A minor problem with the table in this article that you might want to fix: Rio Tinto hasn't been formatted like the other company names - no bold and no link.

Should also mention that I've added a late comment to last week's round-up article that you might want to look at.

Gengulphus

Greentrident 18 Aug 2012 , 12:06pm

Is there a page showing this portfolio's value now? I just entered some figures into google finance and it seems to say this portfolio has risen about 10% on its total cost price - am I right?

ANuvver 18 Aug 2012 , 4:51pm

Thanks for the name-check Alan, and I'm glad you found my suggestions useful.

Assuming your next update is due soon, I have a controversial idea as to what you might consider doing next time. Nothing.

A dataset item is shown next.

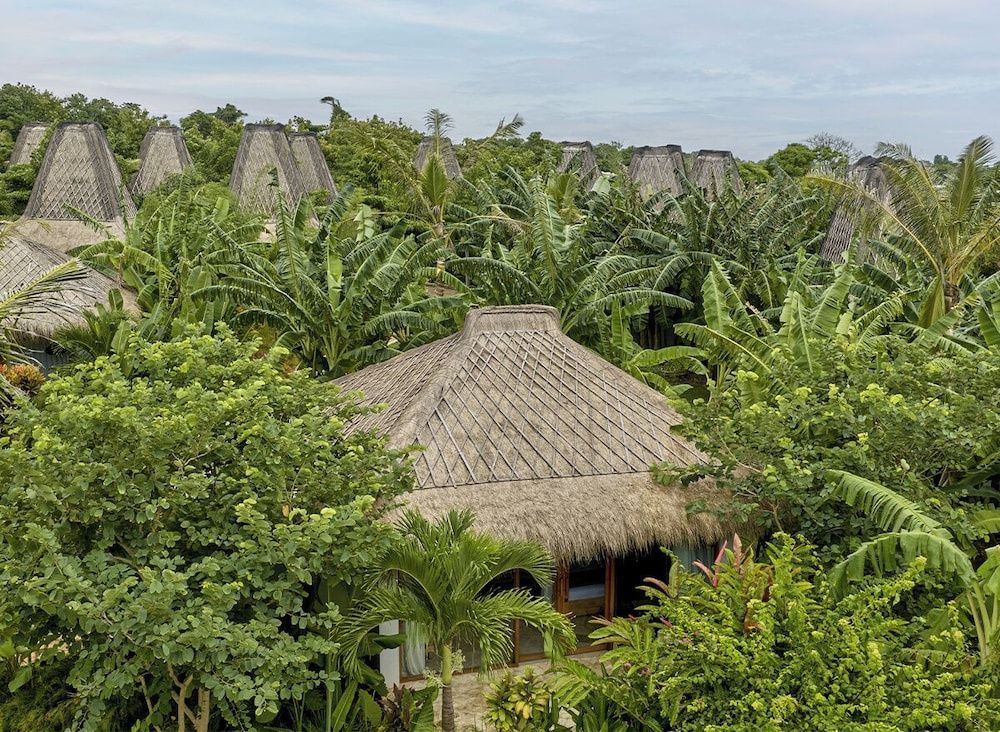 Traditionelle Bungalows mit Strohdächern inmitten von tropischen Pflanzen und Palmen.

I appreciate that the "mandate", if you will, of this instructional portfolio is loosely defined. Also that one should always look for value where it can be found. I further appreciate that this isn't really the place to discuss macro and technical considerations, or the dreaded "market timing".

But even if one takes the broadest view, things are looking awfully squeaky at the moment. Sometimes holding over resources and waiting for opportunities can be the best choice. It might also, from a didactive perspective, be a good opportunity to introduce the discipline of watchlists and the ongoing concern of how much cash to hold and in what form.

Just because it's a ten-part process, doesn't mean it can't be told in eleven episodes.